O projeto GENgiBRe foi lançado no dia 13 de Julho de 2021 por ocasião da 10ª "Troca de Saberes", evento organizado pela Universidade Federal de Viçosa (UFV). Esta pesquisa-ação visa compreender a relação das mulheres envolvidas em agroecologia e movimentos feministas com a "natureza". É realizado em parceria entre o IRD - UMR CESSMA, a Universidade Federal de Viçosa (Brasil), o Centro de Tecnologias Alternativas da Zona da Mata (CTA-ZM, Brasil), a Sempreviva Organização Feminista SOF (Brasil) e a Universidade de Toulouse (França).

(Re)ver o lançamento do projeto durante a "Troca de saberes", evento organizado pela UFV, no dia 13 de Julho de 2021 ⇒ cutt.ly/GENgiBRe

© Isabelle Hillenkamp

A agroecologia como prática feminina e feminista

A agroecologia pode ser entendida como uma prática, uma ciência e um movimento social. Enquanto prática, ela aplica princípios ecológicos, tais como o respeito aos ciclos naturais e o uso de recursos locais, ao manejo de agroecossistemas. As agricultoras e os agricultores que praticam agroecologia têm uma relação holística e sistêmica com a natureza, visando harmonizar o funcionamento do agroecossistema através de sua intervenção. O trabalho das mulheres na agroecologie é associado a um papel social de cuidado, significando que o trabalho das mulheres na agroecologia é parcialmente não remunerado e, como resultado, ainda em grande parte invisível, contribuindo para a reprodução das discriminações imbricadas de gênero, classe e raça.

Estas técnicas e práticas agroecológicas têm também um significado político, que adquire uma nova dimensão diante dos conflitos ambientais, cuja intensidade está aumentando sob o efeito da expansão do capitalismo financeirizado e da mudança climática e ambiental global. O que está em jogo é tanto a defesa dos territórios de vida quanto o reconhecimento social, econômico e político das mulheres.
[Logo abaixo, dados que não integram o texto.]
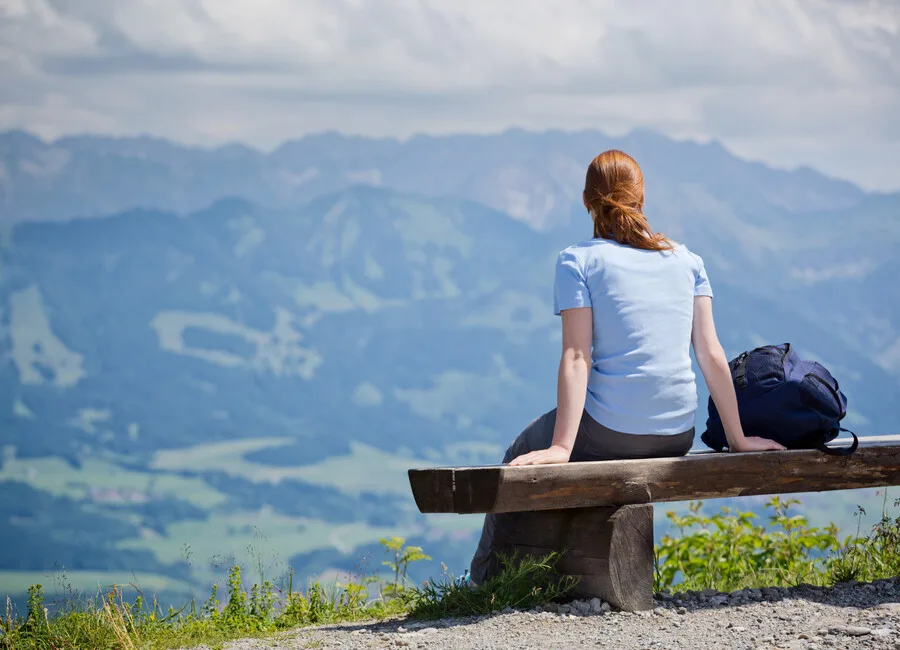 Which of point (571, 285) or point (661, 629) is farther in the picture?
point (571, 285)

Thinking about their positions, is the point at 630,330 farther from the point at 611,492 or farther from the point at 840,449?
the point at 840,449

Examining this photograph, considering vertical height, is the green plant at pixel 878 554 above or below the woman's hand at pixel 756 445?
below

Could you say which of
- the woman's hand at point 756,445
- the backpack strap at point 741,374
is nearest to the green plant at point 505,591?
the woman's hand at point 756,445

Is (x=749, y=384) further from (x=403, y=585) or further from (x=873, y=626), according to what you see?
(x=403, y=585)

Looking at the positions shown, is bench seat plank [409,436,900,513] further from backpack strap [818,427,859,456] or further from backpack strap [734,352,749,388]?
backpack strap [734,352,749,388]

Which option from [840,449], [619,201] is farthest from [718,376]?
[619,201]

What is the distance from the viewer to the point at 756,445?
3.62 meters

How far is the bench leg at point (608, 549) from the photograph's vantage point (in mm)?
3334

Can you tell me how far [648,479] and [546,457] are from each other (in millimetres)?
370

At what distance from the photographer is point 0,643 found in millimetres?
3430

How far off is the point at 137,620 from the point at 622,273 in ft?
6.61

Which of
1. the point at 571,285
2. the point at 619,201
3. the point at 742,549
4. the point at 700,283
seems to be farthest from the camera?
the point at 742,549

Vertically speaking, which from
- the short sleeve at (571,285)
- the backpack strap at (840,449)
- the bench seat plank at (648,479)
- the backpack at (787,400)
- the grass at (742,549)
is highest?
the short sleeve at (571,285)

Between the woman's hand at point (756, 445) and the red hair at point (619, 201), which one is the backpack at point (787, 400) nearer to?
the woman's hand at point (756, 445)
GENgiBRe: uma pesquisa ação

O projeto de pesquisa GENgiBRe “Relação com a natureza e igualdade de gênero. Uma contribuição à teoria crítica a partir de práticas e mobilizações feministas na agroecologia no Brasil”, visa compreender a relação que as agricultoras agroecológicas têm com a “natureza” e o papel que esta relação pode desempenhar em seu engajamento em defesa da sua visão de território e contra as discriminações. Coloca a hipótese de que esta relação com a natureza é limitada por relações de poder entrelaçadas (de gênero, classe, raça...), ao mesmo tempo em que alimenta o mundo vivido (experiência, percepção da natureza através de trabalho, práticas e técnicas) das mulheres agricultoras agroecológicas. Destes processos, pode, sob certas condições, surgir uma identidade coletiva, assim como práticas e mobilizações em defesa da território e contra as discriminações.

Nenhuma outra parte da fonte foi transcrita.